We shall discuss traversing, copying, reversing and sorting in this section.

**Traversing:**

Traversal refers to accessing each element of the array in a sequential format. Since an array is a linear data structure, it is rather easy to extract the element data as compared to other data structures like Linked lists, stacks, queues etc.

Array traversal plays an integral part in any array operation, as it is a fundamental step for inserting an element in an array, searching an element, and even sorting an array.

Below is the algorithm describing basic array traversal.

**Algorithm:**

- Step 1: Declare an array
`a[]`

. - Step 2: Initialize variable
`size`

- Step 3: Initialize variable
`i = 0`

- Step 4: Apply the specified operation on
`a[i]`

- Step 5: Increment
`i`

by 1 - Step 6: Repeat steps 4 and 5 until
`i <= size-1`

- Step 7: Stop.

Let us take a simple example of calculating the total marks obtained based on an array of 3 marks provided to us.

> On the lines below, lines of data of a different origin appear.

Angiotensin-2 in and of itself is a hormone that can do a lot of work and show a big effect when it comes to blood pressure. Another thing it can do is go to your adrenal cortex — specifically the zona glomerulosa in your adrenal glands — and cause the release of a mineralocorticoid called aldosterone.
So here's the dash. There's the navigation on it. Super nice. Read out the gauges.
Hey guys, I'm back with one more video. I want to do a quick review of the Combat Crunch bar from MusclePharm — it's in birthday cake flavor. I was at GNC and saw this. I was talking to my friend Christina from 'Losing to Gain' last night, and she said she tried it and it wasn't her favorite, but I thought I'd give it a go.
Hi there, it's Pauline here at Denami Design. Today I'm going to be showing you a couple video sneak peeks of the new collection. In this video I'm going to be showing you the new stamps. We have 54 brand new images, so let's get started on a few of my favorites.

Similarly, the traversal algorithm can also be used to club two or more operations. Following the above example, now let us provide the three subject marks as input in the form of an array and generate its sum.

**Source Code:**

```
#include<stdio.h>
#include<conio.h>
void main() {
int n, a[10], i, sum = 0;
printf("\n Enter the array size ");
scanf("%d", & n);
for (i = 0; i < n; i++) {
printf("\n Enter Marks %d\n", i + 1);
scanf("%d", & a[i]);
sum += a[i];
}
printf("\n The total marks are: %d ", sum);
getch();
}
```

**Output:**

```
Enter the array size 5
Enter Marks 1
60
Enter Marks 2
76
Enter Marks 3
56
Enter Marks 4
87
Enter Marks 5
88
The total marks are: 367
```

**Copying:**

Copying an array refers to replicating it in another array of the same size or one greater than the original array.

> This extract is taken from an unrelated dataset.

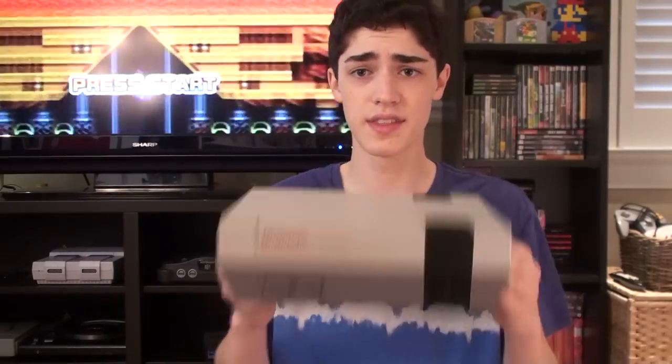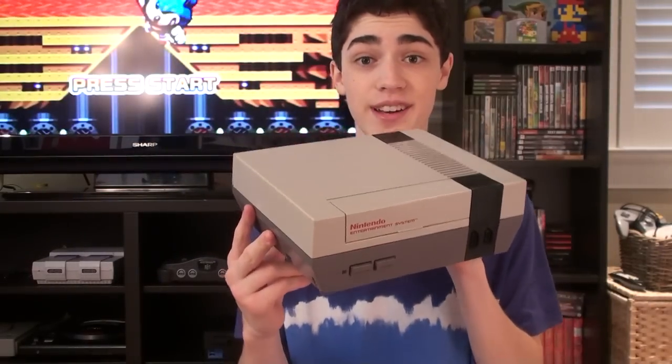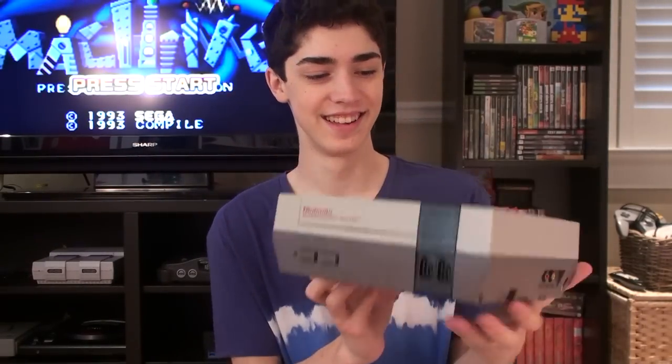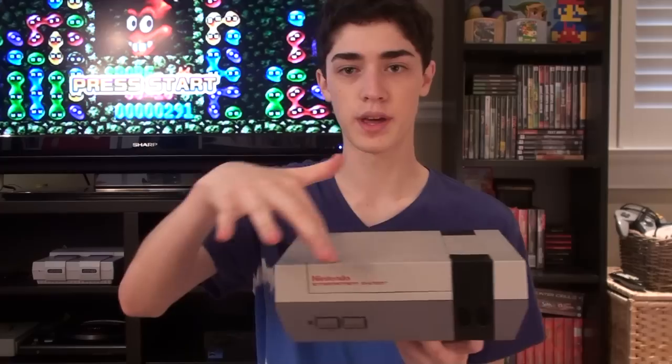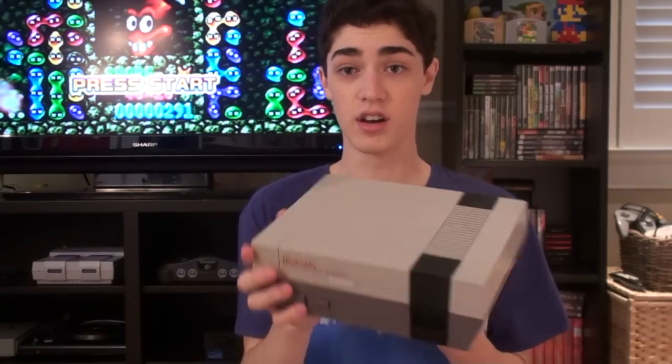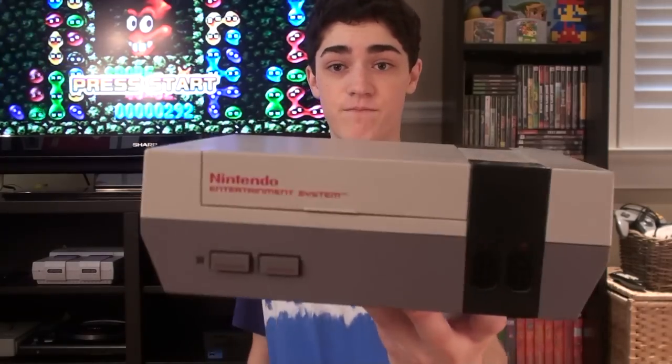I'll start with the oldest one — the NES, the Nintendo Entertainment System. That's what started it all, guys. This thing is completely original but completely refurbished; it has a new pin connector in there. It works awesome and I freaking love it.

The elements are copied using array indexing.

**Algorithm:**

- Step 1: Declare two arrays a[ ], b[ ].
- Step 2: Initialize variable ‘size’
- Step 3: Initialize variable i = 0
- Step 4: Accept elements into a[ ]
- Step 5: Assign the same elements to b[ ] and exit loop
- Step 6: Print the copied array.
- Step 7: Stop.

**Source Code:**

```
#include<stdio.h>
int main() {
int a[20], b[20], i, size;
printf("\nEnter the size of the array :");
scanf("%d", & size);
//Accepting values into Array
printf("\nEnter the array elements :");
for (i = 0; i < size; i++) {
printf("\n Enter Element %d\n", i + 1);
scanf("%d", & a[i]);
b[i] = a[i]; // Copying data from source array A to destination array 'b
}
//Printing of all elements of the array
printf("The copied array is as follows:");
for (i = 0; i < size; i++) {
printf("\nb[%d] = %d", i, b[i]);
}
return (0);
}
```

Output:

```
Enter the size of the array: 4
Enter the array elements:
Enter Element 1
5
Enter Element 2
8
Enter Element 3
9
Enter Element 4
2
The copied array is as follows:
b[0] = 5
b[1] = 8
b[2] = 9
b[3] = 2
```

An array can also be copied using functions with the original array passed as pointers. A predefined array can also be conveniently copied into another array of the same or greater size.

**Reversing:**

Reversing an array can be achieved in multiple ways. Some easy techniques to do so are:

i) Printing the same array in reversed order.

ii) Copying the array in reversed order into another array.

We will see the latter technique, given below is the algorithm to store and display a reversed array.

**Algorithm:**

- Step 1: Initialize arrays a[ ] and b[ ]
- Step 2: Initialize a size variable along with i and j.
- Step 3: Input array elements using the for loop.
- Step 4: Initialize a for loop with i=0 and j=size-1.
- Step 5: Assign the last element of a to the first element of b.
- Step 6: Copy the elements of b into a and print a.
- Step 7: Stop

**Source Code:**

```
#include<stdio.h>
int main() {
int a[20], b[20], i, j, size;
printf("\nEnter the size of the array :");
scanf("%d", & size);
//Accepting values into Array
printf("\nEnter the array elements :");
for (i = 0; i < size; i++) {
printf("\n Enter Element %d\n", i + 1);
scanf("%d", & a[i]);
}
for (i = size - 1, j = 0; i >= 0; i--, j++)
b[j] = a[i];
//Overwriting the array
for (i = 0; i < size; i++)
a[i] = b[i];
printf("The Reversed array is\n");
for (i = 0; i < size; i++)
printf("%d\n", a[i]);
return 0;
}
```

**Output:**

```
Enter the size of the array:5
Enter the array elements :
Enter Element 1
45
Enter Element 2
23
Enter Element 3
66
Enter Element 4
87
Enter Element 5
99
The Reversed array is
99
87
66
23
45
```

**Sorting:**
Organizing or arranging the array elements in a definite order i.e, ascending or descending is known as sorting an array. The output of a sorting program produces a reordered input or its permutation.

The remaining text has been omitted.